Authorisation Number: 1051853551746

Date of advice: 18 June 2021

Ruling

Subject: Not-for-profit entity ex-gratia receipt

Question

Should the ex-gratia payment received by the Club be treated as mutual receipts for the member's portion and ordinary income for the non-member's portion?

Answer

Yes

This ruling applies for the following period:

Year ending 30 June 20xx

The scheme commences on:

1 July 20xx

Relevant facts and circumstances

The Club is a company limited by guarantee and a not-for-profit (NFP) entity.

The Club has a number of principal activities.

The Club is prohibited from making income and/or capital distribution to its members.

The Club is not income tax exempt and is taxable at the company tax rate.

The Club has been claiming the member's proportion of its receipts as mutual receipts and non-member's proportion as ordinary income.

The Club has assessed that this equates to X% of receipts being classified as mutual receipts and Y% as ordinary income for the income year ending 30 June 20xx (20xx income year).

The Project commenced construction in 20xx near the Club's business premises, which resulted in the Club losing access to its main car park.

The construction of the Project exceeded the anticipated completion timeframe of 12 months due to various factors.

Throughout the duration of the Project, the Club experienced a decline in revenue due to the disruption from the construction. There was a decline in patron's foot traffic, which impacted the financial performance of the Club.

The Club received an ex-gratia financial assistance payment related to the time of disruption and overstay of the Project.

Relevant legislative provisions

Income Tax Assessment Act 1997 section 6-5

Income Tax Assessment Act 1997 subsection 6-15(3)

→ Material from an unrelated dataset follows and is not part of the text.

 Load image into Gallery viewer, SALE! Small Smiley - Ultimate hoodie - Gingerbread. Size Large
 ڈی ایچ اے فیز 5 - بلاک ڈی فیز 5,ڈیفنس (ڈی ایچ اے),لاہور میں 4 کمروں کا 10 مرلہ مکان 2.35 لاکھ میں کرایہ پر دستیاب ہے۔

Income Tax Assessment Act 1997 section 59-35

Reasons for decision

All legislative references are to the Income Tax Assessment Act 1997 (ITAA 1997), unless otherwise indicated.

Summary

The ex-gratia payment received by the Club can be treated as mutual receipts for the member's portion and ordinary income for the non-member's portion.

Detailed reasoning

Non-profit companies

For your organisation to be a non-profit company it must meet the 'non-profit requirement'. This means that:

•         it must be a company that is not carried on for the purposes of profit or gain to its individual members, and

•         its constituent documents must prohibit it from making any distribution, whether in money, property or otherwise, to its members.

Mutuality principle

Whether a receipt is income depends upon its quality in the hands of the recipient[1].

The term income is not defined in the Income Tax Assessment Act 1936 (ITAA 1936) or ITAA 1997. In The Bohemians Club v The Acting Federal Commissioner of Taxation [1918] 24 CLR 334, Griffith CJ stated at 337-338:

A man is not the source of his own income, though in another sense his exertions may be so described. A man's income consists of moneys derived from sources outside himself. Contributions made by a person for expenditure in his business or otherwise for his own benefit cannot be regarded as his income unless the Legislature expressly so declares.

The exposition by Griffith CJ has formed the basis of the principle of mutuality as it applies to Australia. As such, a receipt by a taxpayer will not have the quality of ordinary income if the mutuality principle applies to it.

The essence of the mutuality principle is that you cannot derive any gain, and therefore income, from dealings with yourself. The mutuality principle provides that where a number of people associate for a common purpose and contribute to a common fund in which they are all interested, any surplus of those contributions remaining after the fund has been applied to the common purpose that is then distributed to the contributors, is a return of funds and not income or profit[2].

The mutuality principle was described succinctly by McTiernan J in Revesby Credit Union Cooperative Ltd v Federal Commissioner of Taxation (1965) 112 CLR 564 (Revesby Credit Union) at 574-575:

The principle of mutuality seems to me to be settled. Where a number of people contribute to a fund created and controlled by them for a common purpose any surplus paid to the contributors after the use of the fund for the common purpose is not income but is to be regarded as a mere repayment of the contributor's own money...Incorporation of the fund is not relevant...What is required is that the fund must have been created for the common purpose and owned or controlled wholly by the contributors. If it is owned or controlled by anyone else the principle cannot apply...Furthermore any contributions to the fund derived from sources other than the contributors' payments, such as interest from the investment of part of the fund, or income from a business activity conducted by the members, cannot be taken into account in computing the surplus...Also the cases establish that the principle cannot apply unless at any given point in time the contributors to the fund are identical with the beneficiaries of the distribution of the surplus.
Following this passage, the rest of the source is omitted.